Directions >> Copy out the entries that follow, exactly as written.

Source data:
|---|

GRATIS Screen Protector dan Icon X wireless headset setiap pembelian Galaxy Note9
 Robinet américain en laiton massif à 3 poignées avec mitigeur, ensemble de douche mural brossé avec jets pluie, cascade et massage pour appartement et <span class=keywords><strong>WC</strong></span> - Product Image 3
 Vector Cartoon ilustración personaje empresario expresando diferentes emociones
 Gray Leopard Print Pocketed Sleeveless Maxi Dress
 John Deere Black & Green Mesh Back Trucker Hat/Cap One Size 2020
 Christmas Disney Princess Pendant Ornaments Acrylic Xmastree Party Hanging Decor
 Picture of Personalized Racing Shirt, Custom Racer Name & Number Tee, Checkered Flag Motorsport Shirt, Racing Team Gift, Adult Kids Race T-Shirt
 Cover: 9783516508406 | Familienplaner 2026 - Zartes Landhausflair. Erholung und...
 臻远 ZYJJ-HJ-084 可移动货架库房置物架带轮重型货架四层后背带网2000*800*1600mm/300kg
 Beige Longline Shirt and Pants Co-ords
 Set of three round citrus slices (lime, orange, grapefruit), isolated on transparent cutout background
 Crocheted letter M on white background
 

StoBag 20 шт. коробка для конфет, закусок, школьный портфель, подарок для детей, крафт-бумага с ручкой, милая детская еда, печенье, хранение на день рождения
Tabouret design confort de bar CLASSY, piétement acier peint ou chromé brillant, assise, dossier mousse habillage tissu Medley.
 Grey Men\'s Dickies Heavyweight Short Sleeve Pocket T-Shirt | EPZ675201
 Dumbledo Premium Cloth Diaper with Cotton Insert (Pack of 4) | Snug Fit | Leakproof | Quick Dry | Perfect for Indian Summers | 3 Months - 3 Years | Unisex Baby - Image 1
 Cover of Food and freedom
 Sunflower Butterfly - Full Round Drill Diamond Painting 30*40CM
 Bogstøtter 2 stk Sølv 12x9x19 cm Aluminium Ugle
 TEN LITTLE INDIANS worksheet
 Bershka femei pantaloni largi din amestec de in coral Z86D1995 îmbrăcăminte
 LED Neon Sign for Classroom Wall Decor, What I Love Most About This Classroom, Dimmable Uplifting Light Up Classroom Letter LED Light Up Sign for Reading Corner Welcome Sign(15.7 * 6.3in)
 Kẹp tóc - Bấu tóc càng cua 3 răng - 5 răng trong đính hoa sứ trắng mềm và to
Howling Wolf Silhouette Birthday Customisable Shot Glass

|---|

Answer for this exercise >>
GRATIS Screen Protector dan Icon X wireless headset setiap pembelian Galaxy Note9
 Robinet américain en laiton massif à 3 poignées avec mitigeur, ensemble de douche mural brossé avec jets pluie, cascade et massage pour appartement et <span class=keywords><strong>WC</strong></span> - Product Image 3
 Vector Cartoon ilustración personaje empresario expresando diferentes emociones
 Gray Leopard Print Pocketed Sleeveless Maxi Dress
 John Deere Black & Green Mesh Back Trucker Hat/Cap One Size 2020
 Christmas Disney Princess Pendant Ornaments Acrylic Xmastree Party Hanging Decor
 Picture of Personalized Racing Shirt, Custom Racer Name & Number Tee, Checkered Flag Motorsport Shirt, Racing Team Gift, Adult Kids Race T-Shirt
 Cover: 9783516508406 | Familienplaner 2026 - Zartes Landhausflair. Erholung und...
 臻远 ZYJJ-HJ-084 可移动货架库房置物架带轮重型货架四层后背带网2000*800*1600mm/300kg
 Beige Longline Shirt and Pants Co-ords
 Set of three round citrus slices (lime, orange, grapefruit), isolated on transparent cutout background
 Crocheted letter M on white background
 

StoBag 20 шт. коробка для конфет, закусок, школьный портфель, подарок для детей, крафт-бумага с ручкой, милая детская еда, печенье, хранение на день рождения
Tabouret design confort de bar CLASSY, piétement acier peint ou chromé brillant, assise, dossier mousse habillage tissu Medley.
 Grey Men\'s Dickies Heavyweight Short Sleeve Pocket T-Shirt | EPZ675201
 Dumbledo Premium Cloth Diaper with Cotton Insert (Pack of 4) | Snug Fit | Leakproof | Quick Dry | Perfect for Indian Summers | 3 Months - 3 Years | Unisex Baby - Image 1
 Cover of Food and freedom
 Sunflower Butterfly - Full Round Drill Diamond Painting 30*40CM
 Bogstøtter 2 stk Sølv 12x9x19 cm Aluminium Ugle
 TEN LITTLE INDIANS worksheet
 Bershka femei pantaloni largi din amestec de in coral Z86D1995 îmbrăcăminte
 LED Neon Sign for Classroom Wall Decor, What I Love Most About This Classroom, Dimmable Uplifting Light Up Classroom Letter LED Light Up Sign for Reading Corner Welcome Sign(15.7 * 6.3in)
 Kẹp tóc - Bấu tóc càng cua 3 răng - 5 răng trong đính hoa sứ trắng mềm và to
Howling Wolf Silhouette Birthday Customisable Shot Glass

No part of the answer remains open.